Initializing Spark...
Spark found in :  /home/ubuntu/apps/spark
Spark config:
	 executor.memory=2g
	some_property=some_value
	spark.app.name=TestApp
	spark.master=local[*]
	spark.sql.warehouse.dir=/tmp/tmpodw4ztbv
	spark.submit.deployMode=client
	spark.submit.pyFiles=
	spark.ui.showConsoleProgress=true
Spark UI running on port 4041


In [7]:
# load Chipotle orders data
chipotleOrdersDF0 = spark.read.csv("./data/chipotle-orders.tsv", sep=r'\t', header=True).selectExpr('order_id','quantity','item_name','choice_description','item_price as item_price0')
chipotleOrdersDF0.printSchema()

# convert item_price from string to double and create a table
chipotleOrdersDF1 = chipotleOrdersDF0.withColumn('item_price', f.regexp_replace('item_price0', '[$,]', '').cast('double')).drop('item_price0')
chipotleOrdersDF1.createOrReplaceTempView("chipotle_orders")
chipotleOrdersDF1.printSchema()
chipotleOrdersDF1.show(11)

root
 |-- order_id: string (nullable = true)
 |-- quantity: string (nullable = true)
 |-- item_name: string (nullable = true)
 |-- choice_description: string (nullable = true)
 |-- item_price0: string (nullable = true)

root
 |-- order_id: string (nullable = true)
 |-- quantity: string (nullable = true)
 |-- item_name: string (nullable = true)
 |-- choice_description: string (nullable = true)
 |-- item_price: double (nullable = true)

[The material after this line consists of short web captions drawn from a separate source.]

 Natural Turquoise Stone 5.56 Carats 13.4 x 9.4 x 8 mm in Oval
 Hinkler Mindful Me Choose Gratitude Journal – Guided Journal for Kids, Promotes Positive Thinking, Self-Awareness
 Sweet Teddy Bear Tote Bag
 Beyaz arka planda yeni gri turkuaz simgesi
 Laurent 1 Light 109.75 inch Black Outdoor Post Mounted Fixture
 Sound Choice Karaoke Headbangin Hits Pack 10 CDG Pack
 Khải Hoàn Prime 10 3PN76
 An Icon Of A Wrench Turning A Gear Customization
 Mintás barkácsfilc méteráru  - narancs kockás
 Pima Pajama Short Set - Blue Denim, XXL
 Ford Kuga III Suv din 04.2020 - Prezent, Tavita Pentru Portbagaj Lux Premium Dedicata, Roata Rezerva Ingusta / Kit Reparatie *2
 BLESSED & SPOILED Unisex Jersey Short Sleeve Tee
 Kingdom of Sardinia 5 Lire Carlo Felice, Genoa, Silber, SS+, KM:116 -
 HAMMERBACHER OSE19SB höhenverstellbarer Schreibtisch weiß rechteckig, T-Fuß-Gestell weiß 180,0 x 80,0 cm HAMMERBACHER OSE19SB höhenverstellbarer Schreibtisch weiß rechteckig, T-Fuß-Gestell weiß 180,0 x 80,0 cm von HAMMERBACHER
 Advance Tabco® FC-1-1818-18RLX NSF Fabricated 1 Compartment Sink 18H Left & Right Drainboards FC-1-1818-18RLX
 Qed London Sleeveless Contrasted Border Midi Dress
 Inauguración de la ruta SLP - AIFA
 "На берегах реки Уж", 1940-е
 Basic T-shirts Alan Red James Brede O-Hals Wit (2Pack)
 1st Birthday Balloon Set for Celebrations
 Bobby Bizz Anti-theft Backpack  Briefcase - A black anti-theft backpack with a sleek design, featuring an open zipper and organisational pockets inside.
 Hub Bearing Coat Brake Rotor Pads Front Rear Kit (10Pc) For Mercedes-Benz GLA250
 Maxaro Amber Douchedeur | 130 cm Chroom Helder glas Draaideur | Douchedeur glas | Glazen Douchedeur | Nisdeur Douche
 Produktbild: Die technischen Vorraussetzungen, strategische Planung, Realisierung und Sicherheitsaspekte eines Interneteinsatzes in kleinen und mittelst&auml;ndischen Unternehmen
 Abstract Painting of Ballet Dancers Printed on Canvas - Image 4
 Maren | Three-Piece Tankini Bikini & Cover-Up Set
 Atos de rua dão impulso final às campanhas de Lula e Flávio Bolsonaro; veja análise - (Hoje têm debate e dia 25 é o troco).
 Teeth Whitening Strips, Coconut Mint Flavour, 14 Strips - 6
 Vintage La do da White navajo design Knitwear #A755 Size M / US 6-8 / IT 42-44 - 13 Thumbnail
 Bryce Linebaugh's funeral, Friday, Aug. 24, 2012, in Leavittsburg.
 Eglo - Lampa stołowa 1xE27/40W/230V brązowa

+--------+--------+--------------------+--------------------+----------+
|order_id|quantity|           item_name|  choice_description|item_price|
+--------+--------+--------------------+--------------------+----------+
|       1|       1|Chips and Mild Fr...|                NULL|      2.39|
|       1|       1|                Izze|        [Clementine]|      3.39|
|       1|       1|    Nantucket Nectar|             [Apple]|      3.39|
|       1|       1|Chips and Tomatil...|                NULL|      2.39|
|       2|       2|        Chicken Bowl|[Tomatillo

In [8]:
# group by order ID and sort by order total
orderTotals = spark.sql("select order_id, cast(round(sum(item_price),2) as decimal(10,2)) as order_total from chipotle_orders group by order_id order by order_total desc")
print("TOP 10 orders:")
orderTotals.show(10)

orderTotals.createOrReplaceTempView("order_totals")
chipotleOrdersDF2 = spark.sql("select chipotle_orders.*, order_totals.order_total from chipotle_orders join order_totals on (chipotle_orders.order_id=order_totals.order_id)")
chipotleOrdersDF2.printSchema()

TOP 10 orders:
+--------+-----------+
|order_id|order_total|
+--------+-----------+
|     926|     205.25|
|    1443|     160.74|
|    1483|     139.00|
|     691|     118.25|
|    1786|     114.30|
|     205|     109.90|
|     511|     104.59|
|     491|     102.00|
|    1449|      95.39|
|     759|      86.30|
+--------+-----------+
only showing top 10 rows

root
 |-- order_id: string (nullable = true)
 |-- quantity: string (nullable = true)
 |-- item_name: string (nullable = true)
 |-- choice_description: string (nullable = true)
 |-- item_price: double (nullable = true)
 |-- order_total: decimal(10,2) (nullable = true)



In [9]:
# create item categories table and join
items = spark.sql("select distinct item_name from chipotle_orders order by item_name")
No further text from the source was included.